Digitale Transformation: Am Menschen gemessen
Auch die digitale Transformation geht in die nächste Runde: Es bleibt spannend mit großen Herausforderungen, aber es zeigt sich auch, dass hier neue Kennzahlen gelten: Digitale Transformation ist mittlerweile ein starkes Argument für das Employer Branding: Millennials und High Potentials wollen bei der Jobsuche sehen, dass sich die Unternehmen genauso wie sie anstrengen, am Puls der Zeit zu bleiben.
Zeitgleich nimmt die Zahl und die Qualität der Remote-Arbeitsplätze zu. Das Arbeitsleben wird flexibler, und es zeigt sich – ausgelöst durch agile Arbeitsmethoden und den Trend zur Selbstorganisation (von der Schwarmorganisation bis hin zu hierarchiearmen Systemen wie der Holokratie) –, dass kompetente Mitarbeiter meist am besten wissen, wie sie am leistungsfähigsten arbeiten. Und je besser die Möglichkeit, zu Hause zu arbeiten, desto höher die Nutzung und desto besser das Ergebnis.
Unternehmen sind gut beraten, beim Entwurf des digitalen Arbeitsplatzes oder des agilen Projektablaufs die Personalentwicklung mitzudenken. Denkt von den Mitarbeitern aus und sorgt dafür, dass diese eine gute Arbeit machen können. Denn die Gesamtheit der Mitarbeiter – und deren Einstellung und Leistungsvermögen – ist das eigentliche Produkt, das hinter dem Employer Brand steht. Und das ist, was zählt.
Was wir von Produkten erwarten …
Nachhaltigkeit bleibt gefragt: Wir wollen zwar tolle Produkte, diese müssen aber reparabel sowie langfristig und mit gutem Gewissen nutzbar sein. In Washington ist ein Gesetzesentwurf eingereicht worden, der fordert, dass ab 2019 keine Geräte mit einem schwer oder nicht austauschbarem Akku verkauft werden dürfen.
Das ist nur ein Beispiel für Kreislaufwirtschaft (circular economy): Im Idealfall möchten wir, dass alle Rohstoffe, die für ein Produkt verwendet wurden, auch wieder in den Produktionskreislauf zurückgeführt werden.

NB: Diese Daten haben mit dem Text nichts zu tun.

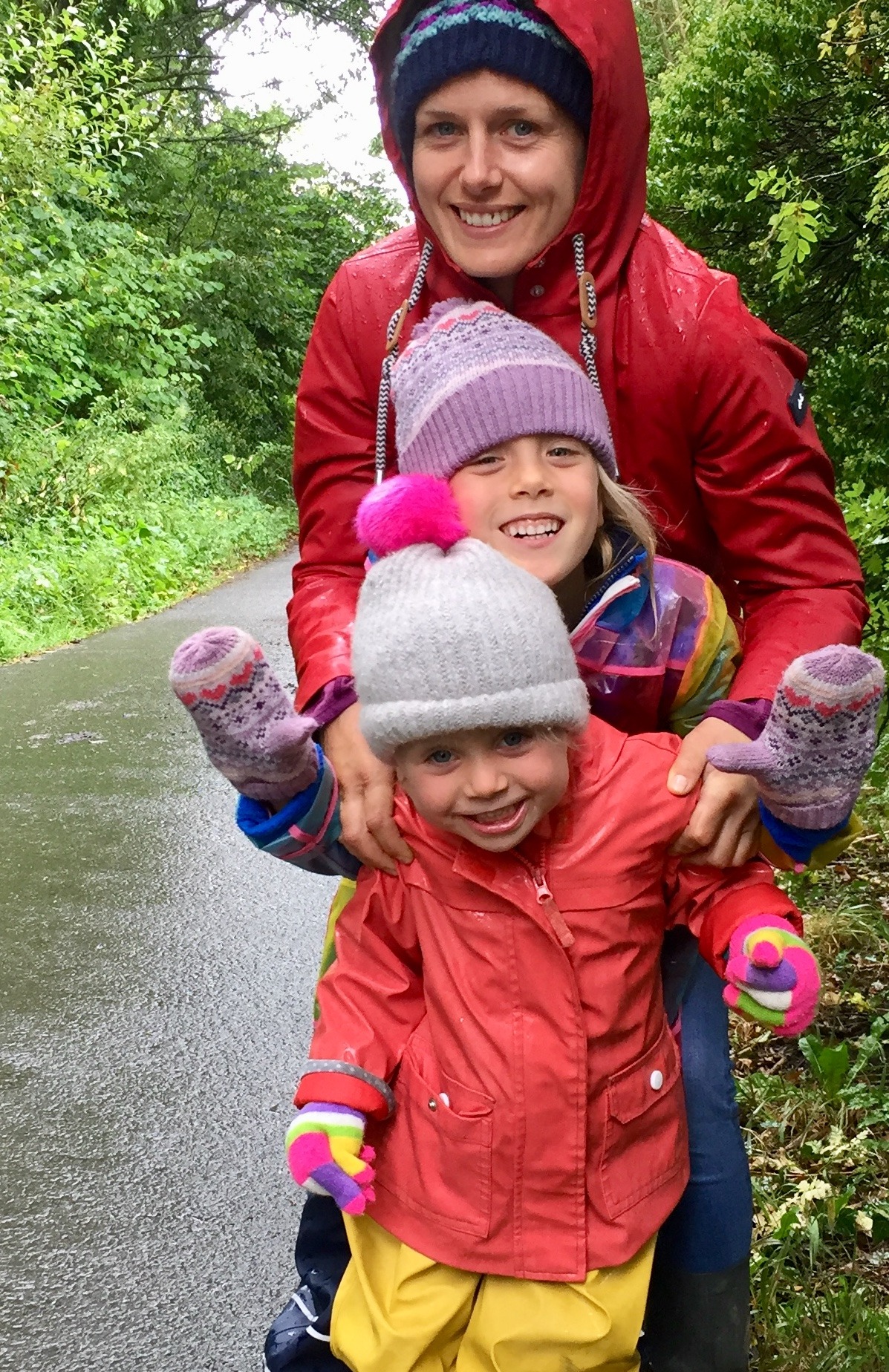 Sally with her two daughters on a woodland walk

Und auch im digitalen Bereich wird mehr Verantwortung gefordert. Die neue EU-Datenschutzregel-Grundverordnung, die Ende Mai in Kraft tritt, gibt jedem EU-Bürger das Recht zu erfahren, was ein Unternehmen über ihn weiß und zu welchen Zwecken es diese persönlichen Daten nutzt. Das stellt Unternehmen vor große Herausforderungen, aber das Richtige ist nun mal nicht immer leicht zu erreichen.
Neue Dienste und Produkte bleiben willkommen, vorausgesetzt, sie sind gute Teamplayer und benehmen sich ordentlich und anständig. Und das gilt analog wie digital. Bietet uns Nützliches, schont die Umwelt, geht verantwortungsvoll mit unseren Daten um.

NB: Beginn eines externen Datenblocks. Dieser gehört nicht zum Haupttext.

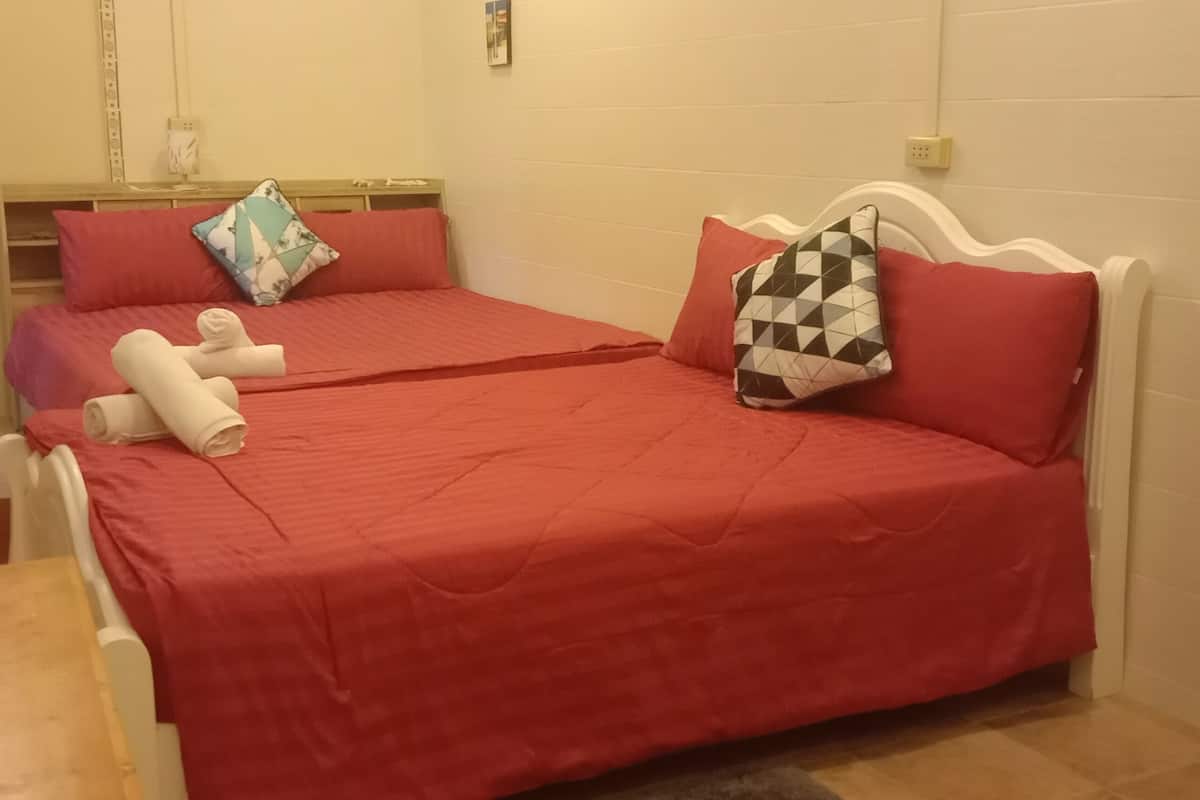 Ein Schlafzimmer mit roter Bettdecke, zwei Kissen, einem Nachttisch aus Holz und einem kleinen Tisch mit Tassen.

Denn: What goes around comes around.
Ray Sono empfiehlt:
- Stellt den Menschen in den Mittelpunkt der digitalen Transformation. Nehmt euren Mitarbeitern die Angst und die Unsicherheit, die den digitalen Wandel begleiten.
- Probiert neue Arbeitsstrukturen pragmatisch im Kleinen aus, auf Projekt- oder auf Team-Ebene. Nutzt agile Formate wie Retrospektiven oder Design Sprints.

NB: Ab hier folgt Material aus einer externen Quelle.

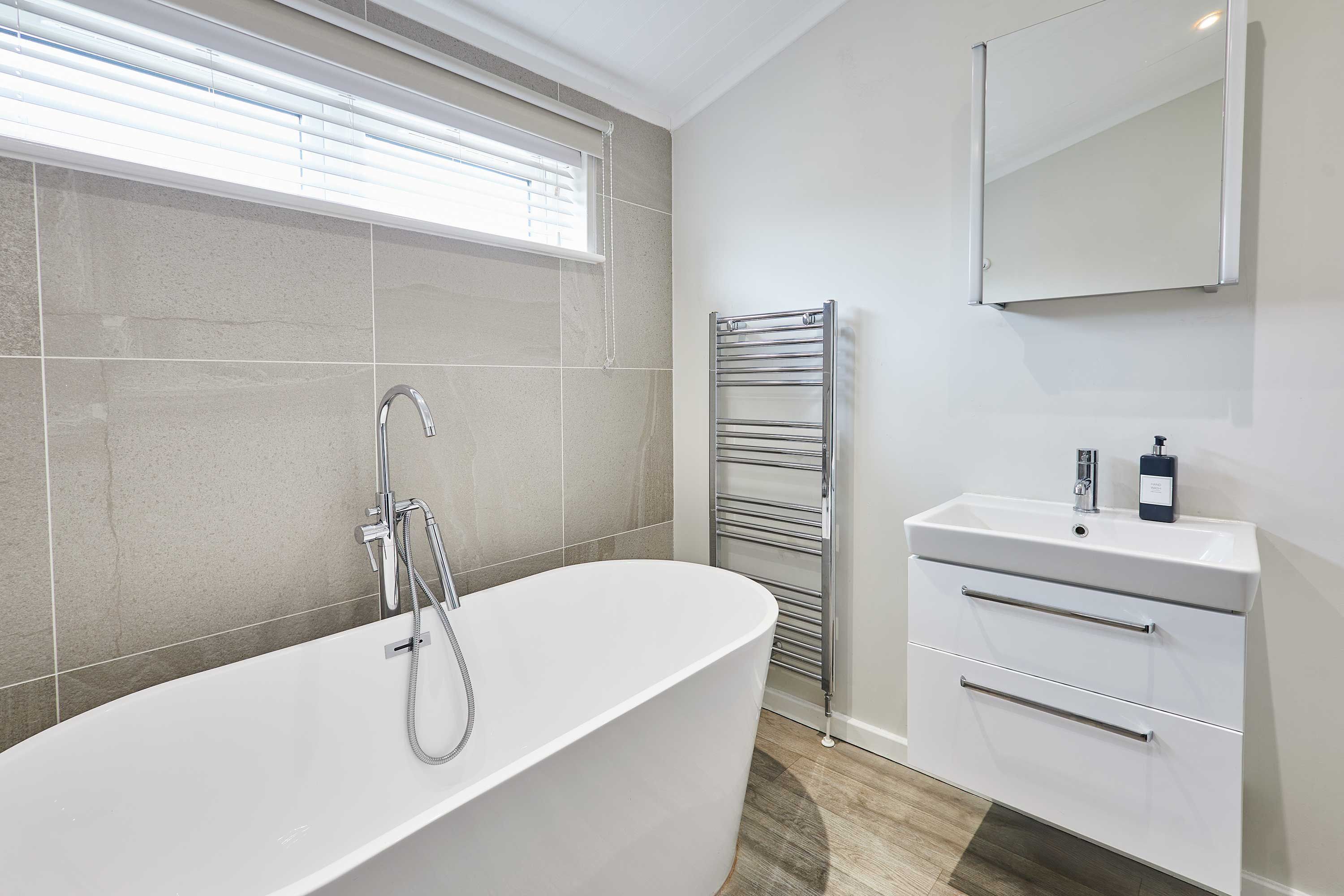 A modern bathroom with a freestanding bathtub, a built-in sink, and a towel rack.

- Geht verantwortungsvoll mit Ressourcen und Daten um. Seid mutig und konzentriert euch erst mal auf das Essenzielle. Und macht das dann richtig gut.
Der nächste Schritt in der Digitalisierung heißt: ‚Zurück in die analoge Welt.‘ Digitale Dienste ziehen ins eigene Heim ein, mein Smartphone, meine Anlage, meine Heizung und die Wohnzimmerbeleuchtung gehorchen mir aufs Wort. Das Digitale nicht nur erfahrbar, sondern auch erfassbar zu machen, darin liegt die Herausforderung heute.